American stage actress, singer, and dancer (1899–1986)

Fay Dora Marbe (February 4, 1899June 2, 1986) was an American vaudeville and stage actress, singer and dancer.

==Life and career==
Marbe was born in New York City, the daughter of William Marbe, a German immigrant and merchant, who died under the wheels of a subway train in 1923. In interviews, Fay Marbe claimed that her family were part of "high society" in New York, and friends to the Astors and Caruso.
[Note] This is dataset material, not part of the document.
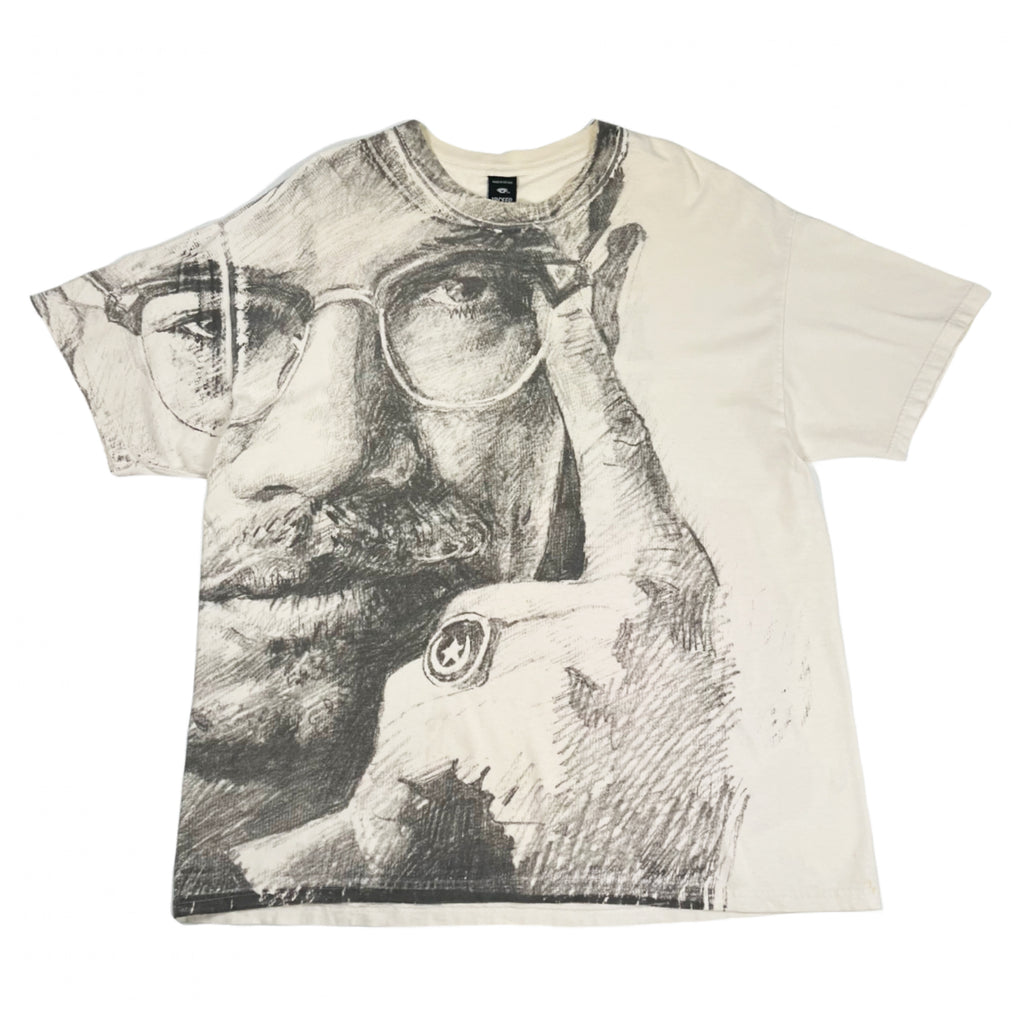 10 Deep Malcolm X By Any Means Necessary Tee XL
Fay Marbe entered show business as second lead dancer in Jerome Kern's Oh, Boy! in 1917, after producer William Elliott saw her performing at a charity event. She performed with Janette Hackett in a show built around Nora Bayes, but soon became a star in her own right as "a fine singer and dancer", noted for her physical attractiveness. She quickly became the focus of much publicity. She featured in the successful shows The Velvet Lady and The Magic Melody in 1919, and performed in Hollywood as a dancer in the film The Very Idea the following year. A critic in The New York Dramatic Mirror wrote:Miss Marbe has youth is fairly alive with it and as she has a comely face and an attractive figure and knows just the kind of stage outfits to wear to catch both the masculine and feminine eyes, the answer is all in her favor. And how she works! A butterfly of kaleidoscopic colors one minute and a whirling, graceful exponent of the art of terpsichore the next. It is a treat.

In the early 1920s, she appeared on Broadway in The Hotel Mouse in 1922, and Topics of 1923 the following year. She then travelled to Europe, and appeared on stage in London, and in several films in Germany, including Fritz Freisler's 1928 silent film Dorine und der Zufall. On her return to the U.S., she appeared in the 1929 comedy The Talk of Hollywood with her brother Gilbert, with whom she had previously danced in vaudeville.

By 1930, none of her films had been successful, and her attempts to launch herself as a cabaret performer also failed. She retired from performance soon afterwards.

Little is known of her later life. She lived in New York before moving to Fairfield, Connecticut, where she died in 1986 at the age of 87.